We estimated near-range LD for both genic and intergenic regions across the genome and at the level of genes for 52 populations using population-based allele frequency data. Furthermore, we estimated the decay of LD over longer sequence ranges based on two individually sequenced diploid genomes per population. Apart from testing for an effect of past range expansion and a shift in mating system on estimates of LD, we considered the impact of gene density. Increased gene density was shown to be negatively correlated with genetic polymorphisms in the closely related plant A. thaliana, most likely due to the enhanced action of selection in these regions [46]. Structural genomic changes were not considered because they are thought to be rare in Arabidopsis [47,48]. Next, we tested whether LD commonly involved deleterious variants. Analyses were repeated on a population level, by testing for an association between genome-wide LD and within-population genetic variation or an estimate of deleterious counts [43]. Finally, we identified genes whose LD estimates were correlated with range expansion and mating system beyond neutral expectations, to reveal possible candidate genes associated with either of the two demographic processes.

Material & methods

Plant material and sampling strategy

Plant material from 52 populations of North American A. lyrata covering the entire distribution was collected during the reproductive seasons in 2007, 2011 and 2014 (Fig 1 and S1 Table). Two different genomic datasets were used: first, a previously published dataset of population level whole-genome sequence data (pool-seq) from an equimolar amount of DNA of 25 individuals that was pooled per population before library preparation (NCBI accession PRJEB19338;[43]); second, a dataset consisting of more than a hundred newly re-sequenced genomes with two individuals for each population at ~10X coverage (NCBI accession PRJEB30473). For both datasets, paired-end sequencing was conducted on an Illumina HiSeq 2000 with a read length of 100 bps and 150 bps for pool-seq and the re-sequenced genomes, respectively. Two phylogenetic clusters are distinguished in A. lyrata, each with independent recolonizations from different glacial refugia [43]. Our dataset comprised 21 populations from the eastern cluster and 31 populations from the western cluster (Fig 1). While the majority of these populations were estimated to have established after the withdrawal of the ice, six were found to be older [43]. Two along the Mississippi River in northern Iowa and one in New Jersey were kept in the study because they were close to the deduced glacial refuge areas (Fig 1; S1 Table). Three others were located in Missouri and included one selfing population, apart from two outcrossing populations with clear signatures of past exposure to genetic drift, and they were therefore also kept in the study. For the pool-seq data, all analyses were performed with and without these six populations and results were nearly identical or–for the detection of outlier genes–more conservative when they were included (S1 Text). The mating system of populations was deduced previously by either progeny array analysis or population inbreeding coefficient based on microsatellite markers [42].

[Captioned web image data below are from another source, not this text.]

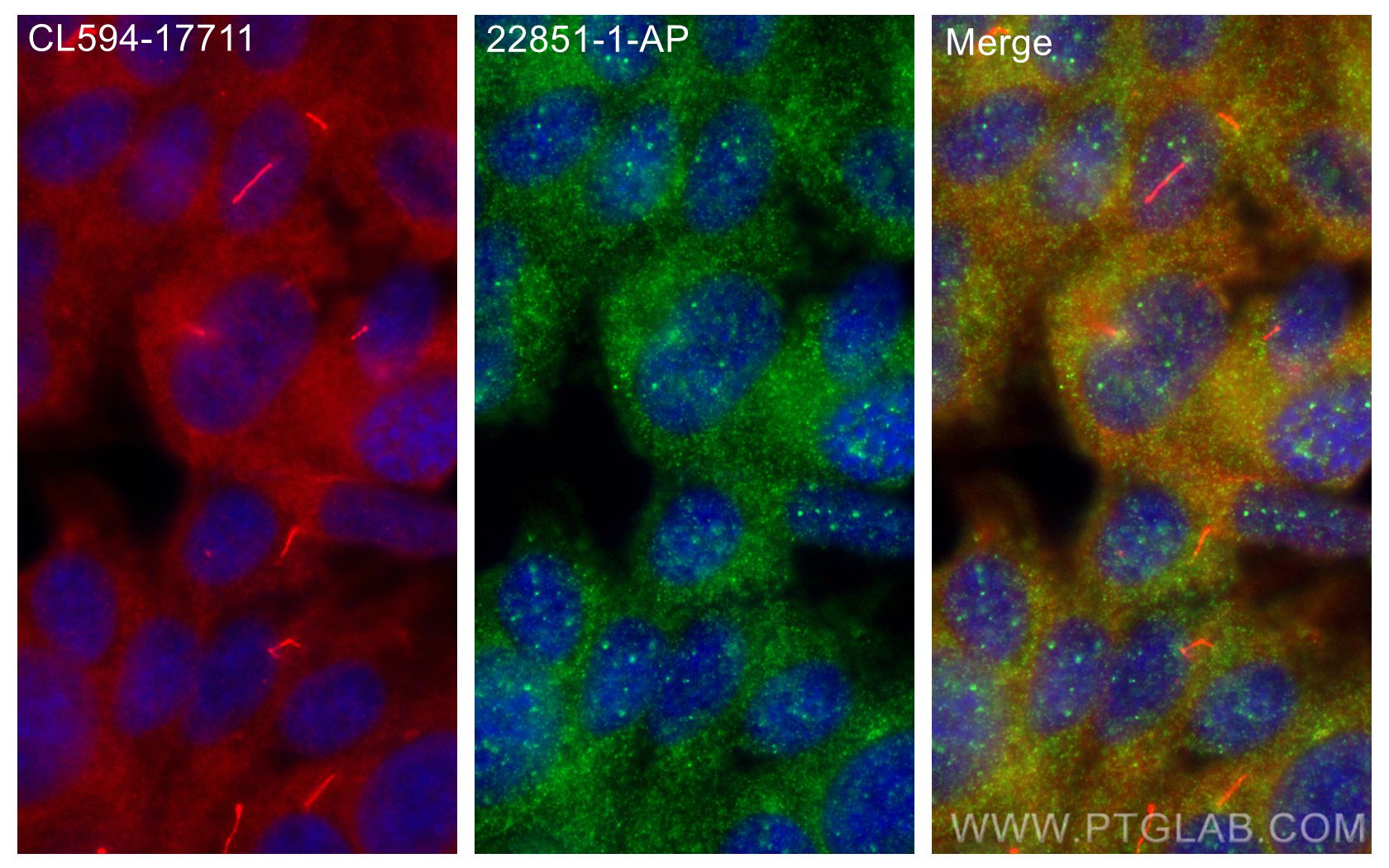 IF Staining of hTERT-RPE1 using 22851-1-AP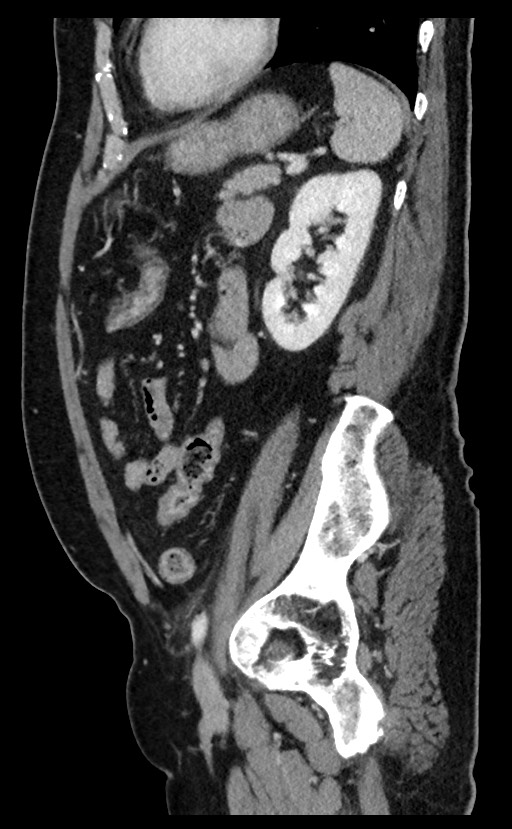 Acute appendicitis - large appendicoliths (Radiopaedia 61805-69820 Sagittal C+ portal venous phase 35).jpg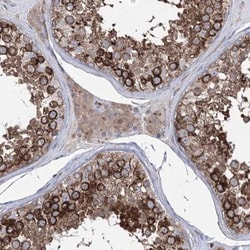 ZNF622 Antibody, Novus Biologicals 0.1mL; Unlabeled:Antibodies, Polyclonal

Data preparation and estimation of LD: Pool-seq

With the script of PoPoolation 1.2.2 [49], we first trimmed the raw pool-seq sequences per population using a minimal base quality threshold of 20 and kept only reads ≥ 84 bps. We mapped all retained reads against the A. lyrata reference genome v1.0 [47] and the plastid and mitochondrial genomes of A. thaliana (Genbank accessions NC_000932 and NC_001284, respectively) using BWA-MEM 0.7.13 [50]. The centromeric regions were masked, along with two regions on scaffold II (position ranges: 8’746’475–8’835’273 and 9’128’838–9’212’301) that shared very high similarity with the A. thaliana chloroplast genome, suggesting an assembly error in the A. lyrata reference genome. Only reads that mapped to scaffolds I-VIII, representing the eight chromosomes of A. lyrata, were kept. We next used Picard 2.1.1 ( to remove duplicate reads and SAMtools 1.7 [51] to retain properly paired reads with mapping quality over 20.

Using SAMtools, we generated a mpileup file comprising all populations. SNPs were called using VarScan 2.4.1 [52], requiring a minimal read depth of 50 at a given position for each population to make a call. We used a minimal variant allele frequency threshold of 0.03 per population, which is considered a good threshold for pool-seq data [53]. We removed previously identified repeat sites in the A. lyrata genome [54] with BEDtools 2.26.0 [55]. Using VCFtools 0.1.14 [56], we then removed indels and kept only biallelic SNP positions that had a coverage of 50–500 within a population, a minimal genotype quality of 28, a minor population allele frequency of 0.03, and a maximum of 50% missing data across all populations. Finally, SNPs with a strand bias higher than 90% were removed. These procedures resulted in 2’586’251 SNPs for downstream analyses.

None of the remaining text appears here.